Dorothy Seastrom


Dorothy Seastrom was an American silent film actress.

Early life and career

Born in Texas, Seastrom got into acting after winning a beauty competition. Her family later relocated to Chicago. Her film career began in 1923 with the role of Eleanor Harmon in The Call of the Canyon, directed by Victor Fleming. Later she acted under the direction of Cecil B. Demille. She signed a five-year contract with First National Pictures in September 1925. Seastrom was called the "Candy Kid" at First National due to her taffy colored hair.
She appeared in The Perfect Flapper with Colleen Moore and Classified with Corinne Griffith. Seastrom barely avoided a potentially disfiguring accident during the filming of We Moderns. A shower of sparks from a short-circuited light fell upon her hair and shoulders at the United Studios. Seastrom escaped injury when assistant director James Dunne grabbed a tablecloth from a prop table and covered the actress's head. Electricians shut off the power to a light which hung from the fly system above the scene.

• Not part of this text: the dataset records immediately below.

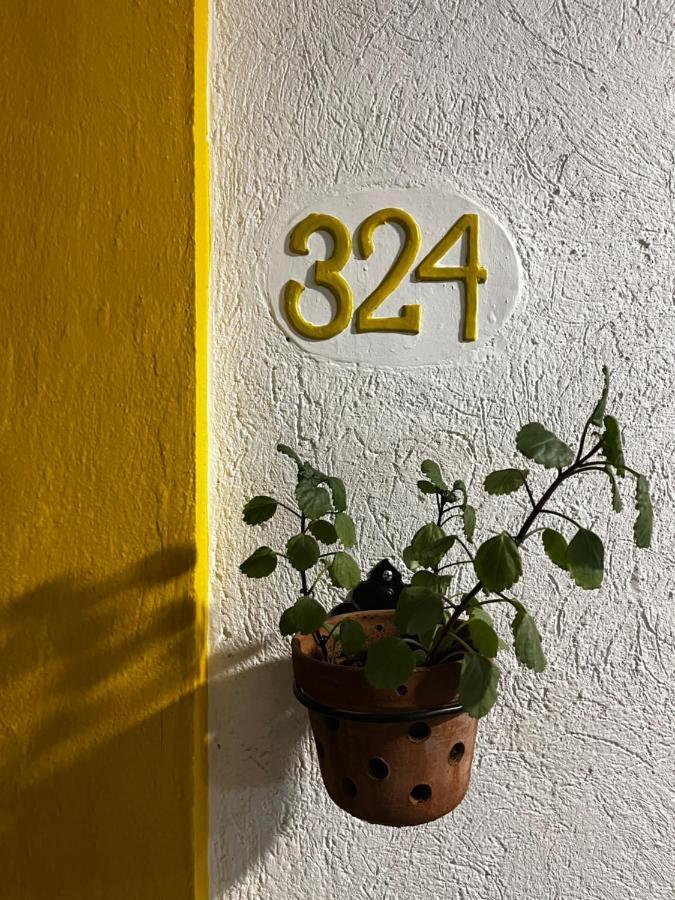 The Coffee Bean Hotel San Cristóbal de Las Casas Eksteriør bilde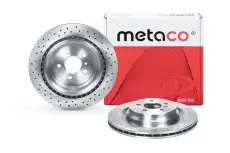 Тормозной диск METACO 3060-246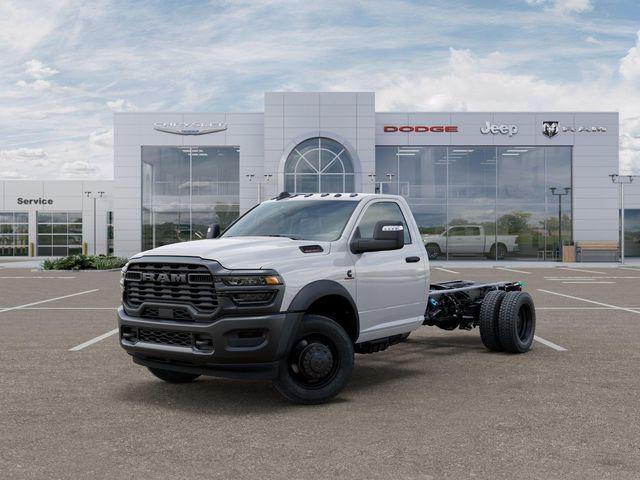 2026 RAM Ram 5500 Chassis Cab RAM 5500 TRADESMAN CHASSIS REGULAR CAB 4X4 84 CA
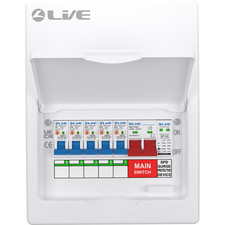 Live Electrical 100A 5 Usable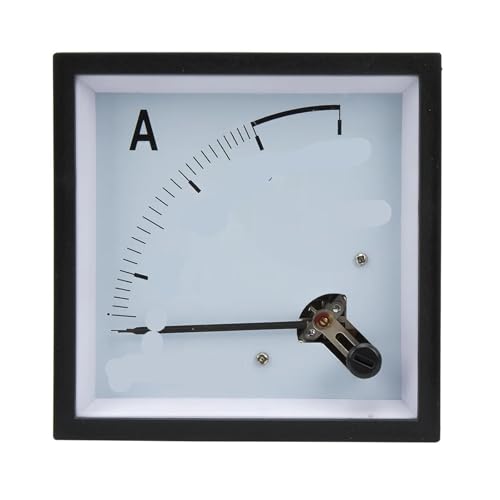 Ampèremètre SQ-96 pour intégration sur armoire d'atelier 96mm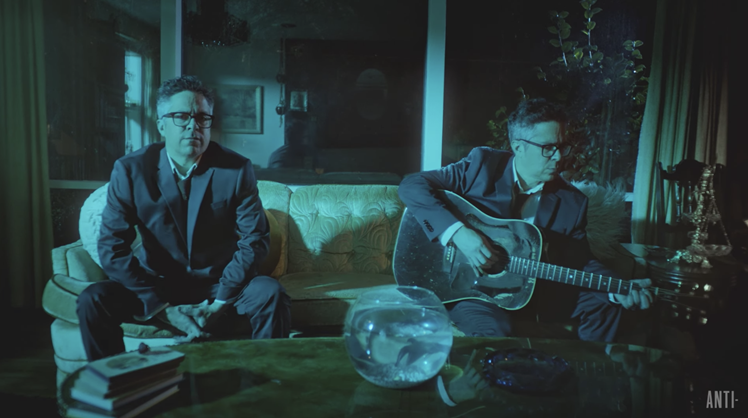 WATCH: M. Ward Release New Video For Billie Holiday’s “Violets For Your Furs”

Seastrom made a full recovery from the burns she sustained. She returned to complete the film.

Death

Due to declining health, Seastrom returned to Dallas for a rest in the fall of 1925 where she became ill. Physicians ordered her to a rest sanatorium for several months. It was feared that if she continued working, she would be forced out of movies completely. First National management agreed to hold the starting date of her contract temporarily, until she regained her health. She lost a role in Irene, which she was scheduled to make with Colleen Moore. Her frail strength and a hard work regimen left her a victim of tuberculosis.
She was taken by her husband, Francis Corby to a sanatorium in California to recuperate. In 1926, Seastrom returned and appeared in her final film It Must Be Love. Seastrom died of tuberculosis in Dallas on January 31, 1930, aged 26.